Transdisciplinary Design

Pruitt-Igoe: Asking the Wrong Questions

Posted on December 12, 2012 | posted by:

September 1945: another war was over, and St.Louis, a city like many others across the country, counted the costs. As life struggled to return to normal, it became obvious how profoundly the city had been battered by the depression of the war years. In the aftermath, she showed the signs of strain and of neglect. The scars of deprivation had left the city exhausted—she had been drained of her beauty and vitality. Structural and foundational buildings, had unravelled, as paint peeled away and concrete began to crumble.

As the city called out in distress, the government and the policy makers scrambled to find solutions. Beneath the bleak surface of despair was an opportunity to reconstruct, and to revitalize the vibrancy that had once thrived. Out of this reactionary time emerged the United States Housing Act of 1949, a landmark in mortgage insurance and the construction of public housing, which officials felt would act as a turning point in the downfall of cities. By demolishing the rubble, and replacing this land with modern high-rise units, they felt they would create a turning point for their communities and make room for urban renewal.

So there, at the heart of the war-ravaged city of St.Louis in 1954, stood the future. Out of the dust of the slums rose 33 identical beacons of hope, otherwise known as Pruitt-Igoe. The walls of the buildings towered eleven stories into the sky, far above the reaches of the other structures in the core. The 2,780 apartments offered hope and refuge. The city’s utopia stood squarely before them like an oasis in a desert. Or at least, that’s what the architects had thought.
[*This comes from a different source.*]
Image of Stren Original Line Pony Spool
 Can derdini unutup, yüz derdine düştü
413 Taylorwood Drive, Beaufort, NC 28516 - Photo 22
The urine-stained skip-stop elevators that soared to only every 3rd ‘gallery’ floor, became breeding grounds for theft and for muggings. The open spaces that were intended to act as individual communities, became gang war zones and territorial domains. The residents led in flocks. Occupancy rate had been on a steady decline for the last decade.Ultimately, the promises of the innovations of the Pruitt-Igoe buildings slowly began to crumble. What was supposed to be disappeared into the dust. But what went wrong?

Frankly, it really depends on who you talk to. Architects blame modernism, and modernist architects blame the government. It’s a never ending debate about the ‘myth’ of Pruitt-Igoe.

But, let’s be honest, the easiest part of failure is being able to point your finger at the other person. The Pruitt-Igoe debate is a very good example of this. We keep disputing whether the architecture, the social problems or the policy is to blame for the downfall of these complexes. Frankly, we are asking the wrong questions. From my standpoint, the problem was the solution itself. This really is a matter of the ‘Top-Down Pruitt-Igoe’ myth and nothing else.

Pruitt-Igoe was a vision of government leaders—it was their solution to address the problems of the poor. Once the reconstruction decision was made, bulldozers came into the downtown core and destroyed roughly 20 blocks of ‘slums’ and displaced vast communities of people. This was a growing trend across the city of St.Louis: the ‘slums’ for the low-income population to reside in were disappearing. Once the 33 buildings of Pruitt-Igoe were erected, there was virtually nowhere else for these people to live. Families had no choice but to move into social housing units from the neighbourhoods they once occupied. As the tenancy leader of Pruitt-Igoe once said, “We are no longer human beings. We are Pruitt-Igoe”.

Government neglected to consider many factors when designing their solution to post-war St.Louis. For one, the redevelopment did not consider the dynamics of the community that was actually going to live within the walls of the complexes. As a matter of fact, they designed communal spaces for these structures, fully expecting that the residents would adapt to the ‘sense of community’ that was designed. In actuality, the residents of these  ‘slums’ measured the richness of their neighborhoods not by money, but by a sense of community that was different from the architects and urban planners. These people lived by a unique set of values—a fact which the government officials overlooked and, as a result, did not factor into their plans. Ultimately, the redevelopment plan ignored the histories and realities of these people.

Another fallacy of policy making is evident in Pruitt-Igoe. The government and other key stakeholders incorrectly assumed that the circumstances they observed at an exact moment would only change if policy makers took immediate action. The reality is, however, that the conditions at any given moment are merely a snapshot of a bigger picture and a bigger system. In other words, they don’t tell the full story. Because government limited its thinking and attention to addressing the tensions witnessed at that pinnacle moment in history, the future of the Pruitt-Igoe complexes was pre-ordained. They didn’t consider the mass exodus of the middle-class, or the gradual decline of the poor into different financial and social tiers.

The main value and motivation in the creation of these plans was money. What if the project was premised on a different set of values? Say, cultural? Political? Entrepreneurial? Sustainable? Would the government’s plan for revitalization have looked differently if this were the case?

This line of questioning leads to a larger design narrative. How can we start to encourage our collaborators to ask the right questions when failures arise? How can we start to challenge our own solutions, regardless of our attachment to them? Why isn’t it okay to sometimes be wrong?

We, designers and professionals, need to be more reflexive not just in our processes, but in our failures.